Quail, on the other hand, said to the best of his knowledge and as backed by order records, his team did receive and use UCP for this study. "Our priority is to ensure the accuracy and integrity of our research findings," he responded. "To provide additional assurance, we will work together with Qiagen to verify the results of this experiment and will provide a comprehensive response as soon as possible."

"It's a very powerful and very insightful study," said Xinkun Wang, director of the NUSeq core facility at Northwestern University, who was not involved in the study. According to Wang, his lab has previously evaluated Watchmaker and Takara sample prep products, which have generated good results. Therefore, the Sanger Institute study, which he considers to be "well designed," reinforces their good impressions of these companies’ chemistries.

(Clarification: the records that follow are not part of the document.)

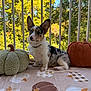 puppy, dog, merle, ears, blanket, pumpkin, plush, pillow, outdoor, balcony, railing, leafy_background, sunny, fall, decor, cute, pet, animal, fur, sitting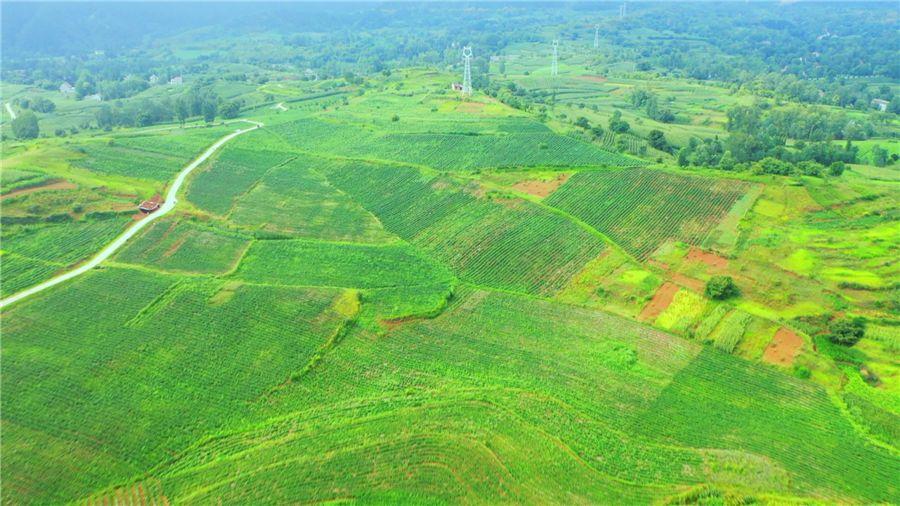 NG电子游戏·(中国区)官方网站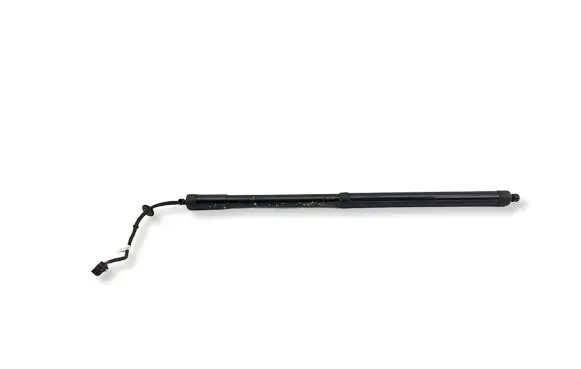 Ford C-MAX II Tailgate/trunk strut/damper 733186 733186102 933186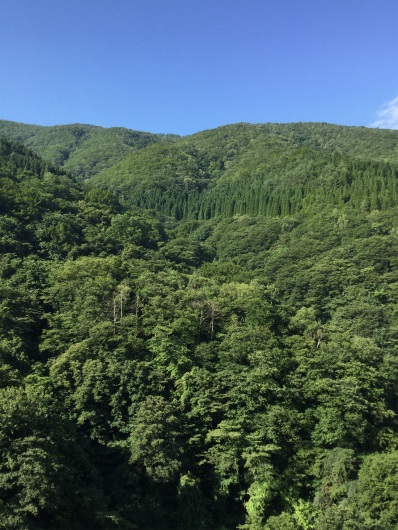 山田温泉から雷滝へ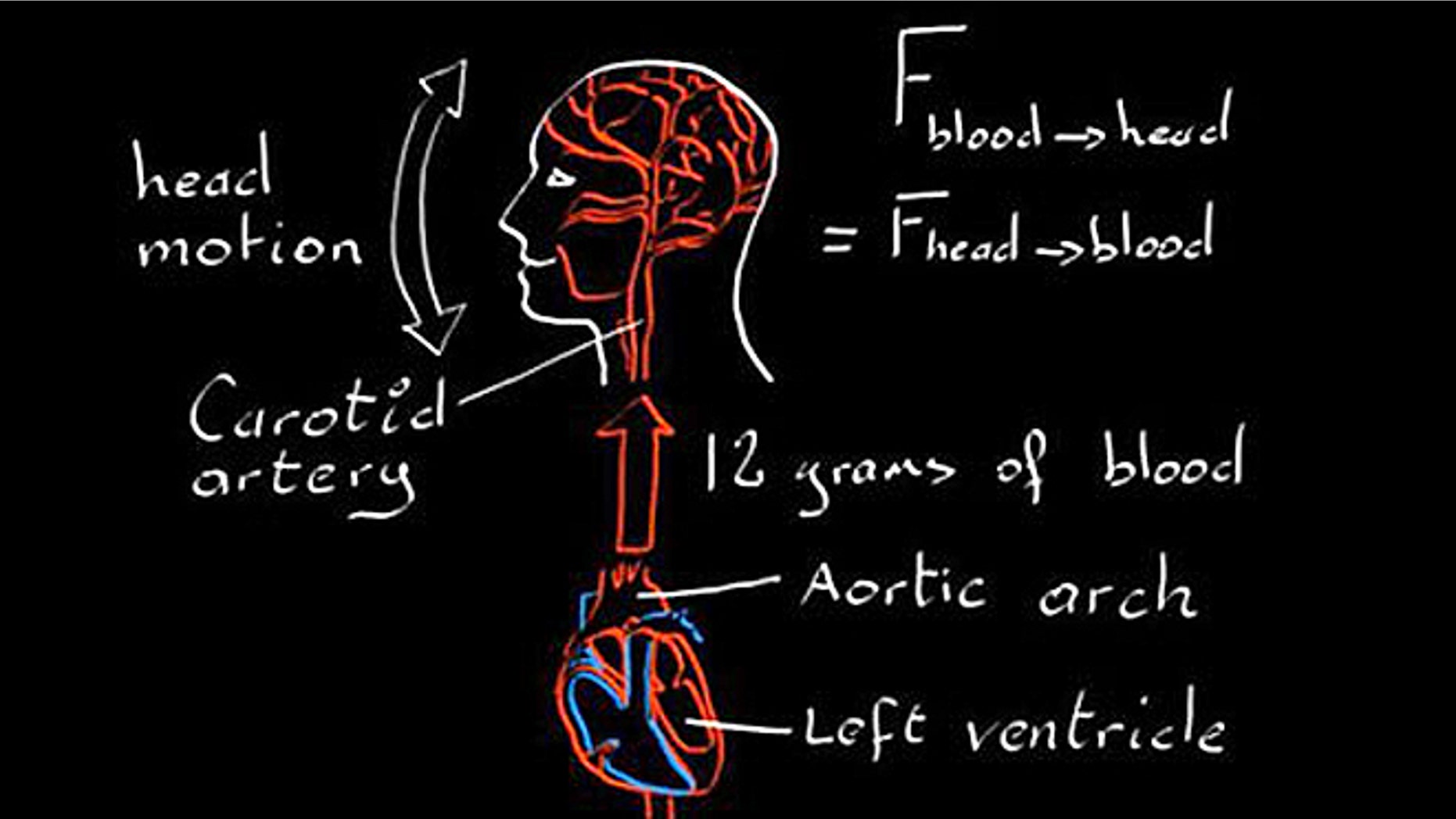 Watching heads wobble measures pulse.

On the other hand, Wang said he was a little surprised to see some legacy vendors well-known for their enzymes, such as NEB, did not make it to the top of the list. "It is kind of surprising, but I still have good faith in NEB products in general," he noted.

Nonetheless, Wang thinks the data from the Sanger researchers will be informative for his own decision-making one day. Take Quantabio RepliQa, for example. "It looks like their enzyme is very robust, in terms of both short-read sequencing and long-read sequencing," Wang said. "If we need to evaluate new kits [in the future], that product will definitely be on the top of our list."